■ WHAT THIS TASK INVOLVES ■
What do the lines say, reproduced word for word, from the first of the entries below through the line bearing "Magnetron sharp - afbeelding"?

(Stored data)
::::

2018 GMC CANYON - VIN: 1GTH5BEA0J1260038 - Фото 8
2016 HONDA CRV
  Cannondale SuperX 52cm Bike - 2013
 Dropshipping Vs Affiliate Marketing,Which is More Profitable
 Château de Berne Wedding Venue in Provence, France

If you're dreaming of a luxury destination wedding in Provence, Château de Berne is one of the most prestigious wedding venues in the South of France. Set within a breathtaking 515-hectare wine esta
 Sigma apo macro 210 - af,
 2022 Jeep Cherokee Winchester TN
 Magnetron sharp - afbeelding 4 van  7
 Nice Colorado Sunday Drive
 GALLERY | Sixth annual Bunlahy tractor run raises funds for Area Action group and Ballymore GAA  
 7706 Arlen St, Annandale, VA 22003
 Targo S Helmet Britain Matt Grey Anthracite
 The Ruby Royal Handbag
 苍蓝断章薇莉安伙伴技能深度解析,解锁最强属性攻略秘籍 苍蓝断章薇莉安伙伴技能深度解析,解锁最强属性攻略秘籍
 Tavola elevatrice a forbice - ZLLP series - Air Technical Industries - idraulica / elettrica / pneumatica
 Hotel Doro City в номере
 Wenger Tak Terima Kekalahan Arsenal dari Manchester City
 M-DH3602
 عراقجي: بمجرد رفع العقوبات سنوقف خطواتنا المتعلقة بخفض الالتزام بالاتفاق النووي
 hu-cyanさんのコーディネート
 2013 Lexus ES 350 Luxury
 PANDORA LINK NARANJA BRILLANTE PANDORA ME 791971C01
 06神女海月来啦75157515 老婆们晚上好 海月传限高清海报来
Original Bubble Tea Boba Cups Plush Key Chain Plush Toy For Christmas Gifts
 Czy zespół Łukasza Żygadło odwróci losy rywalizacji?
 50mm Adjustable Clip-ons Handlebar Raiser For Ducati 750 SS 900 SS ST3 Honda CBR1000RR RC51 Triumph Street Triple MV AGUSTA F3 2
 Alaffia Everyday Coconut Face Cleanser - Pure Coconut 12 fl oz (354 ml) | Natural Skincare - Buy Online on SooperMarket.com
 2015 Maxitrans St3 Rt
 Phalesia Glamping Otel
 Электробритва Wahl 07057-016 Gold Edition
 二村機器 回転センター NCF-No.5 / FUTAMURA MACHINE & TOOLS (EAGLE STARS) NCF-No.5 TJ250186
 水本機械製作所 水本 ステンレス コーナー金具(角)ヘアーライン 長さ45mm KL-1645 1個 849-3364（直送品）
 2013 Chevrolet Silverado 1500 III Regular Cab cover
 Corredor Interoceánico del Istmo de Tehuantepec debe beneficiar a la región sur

::::

■ SOLVED EXERCISE ■
2018 GMC CANYON - VIN: 1GTH5BEA0J1260038 - Фото 8
2016 HONDA CRV
  Cannondale SuperX 52cm Bike - 2013
 Dropshipping Vs Affiliate Marketing,Which is More Profitable
 Château de Berne Wedding Venue in Provence, France

If you're dreaming of a luxury destination wedding in Provence, Château de Berne is one of the most prestigious wedding venues in the South of France. Set within a breathtaking 515-hectare wine esta
 Sigma apo macro 210 - af,
 2022 Jeep Cherokee Winchester TN
 Magnetron sharp - afbeelding 4 van  7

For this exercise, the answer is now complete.